At Durham, 489 out of 853 UCU members took part in the ballot over strike action. 88.1% of those who voted supported strike action. Striking members of staff will not work on the striking dates. This means some of your lectures, seminars and other academic commitments may be cancelled.
Current advice from the University is that students act on the assumption that classes will be held as scheduled and that assessments can be submitted as usual. Some lecturers, however, may choose to inform their students individually that they are striking.
The Vice-Chancellor has also sent an email to students with the following affirmations:
On the 15 February, the University issued a statement expressing their inability to address the dispute internally and encouraging a return to discussions on a national level. They have also issued a policy explaining their procedures for mitigating disruption to students. You can find these both here. You may have already received specific communication from your department, but this information is intended to be a university-wide blanket policy.
If you feel work you have completed towards assessments has been seriously negatively impacted by the strike action, you can find information here about Academic Appeals and the Serious Adverse Circumstances form.
Durham SU will keep in contact with the University and UCU to keep students updated with any contingency plans or new information.
Will a list of cancelled classes be released?
The University cannot know which members of staff will be striking until it happens, so it will not be possible to collate a comprehensive list of cancelled classes. Certain striking members of staff, however, may choose to communicate personally to students that they are striking, so keep an eye on your emails.
Will I be able to hand in my dissertation?
Yes. We have been assured that departmental offices will be open for you to hand in your dissertation.
My studies are impacted by the strike, what can I do?

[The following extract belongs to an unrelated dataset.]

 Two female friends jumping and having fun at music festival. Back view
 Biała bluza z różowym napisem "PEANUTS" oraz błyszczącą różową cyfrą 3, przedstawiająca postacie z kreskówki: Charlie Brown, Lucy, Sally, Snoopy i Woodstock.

Our President has heard a significant amount from students concerned about this and wishing to pursue refunds. Next week she will meet with the Pro Vice Chancellor Education to get a clear answer on how students can make complaints or pursue refunds, so that the SU can develop resources to support individuals in the process, as these consumer rights would be addressed at the individual level.
In the meantime, if you feel your education has been, or will be, significantly impacted by the strike action, there are a number of things you can do.
1. Voice your concerns
If you have concerns about the strike you can write to the Vice-Chancellor, Stuart Corbridge, directly: firstname.lastname@example.org.
UCU have also developed a helpful tool that you can use to contact the University and ask them to avoid the strikes, and the impact to your education, by resuming negotiations. You can find further information and advice for students from UCU here and the University’s ‘Policy to Mitigate the Impact on Students of the UCU Strike Action’ here.
2. Appeals/Serious Adverse Circumstances
If your academic performance (i.e. ability to complete course work, performance in an exam or general ability to study) is negatively affected by external factors outside of your control, there are things you can to do. You have the right to ask for those external factors to be taken into consideration when your University work is being assessed.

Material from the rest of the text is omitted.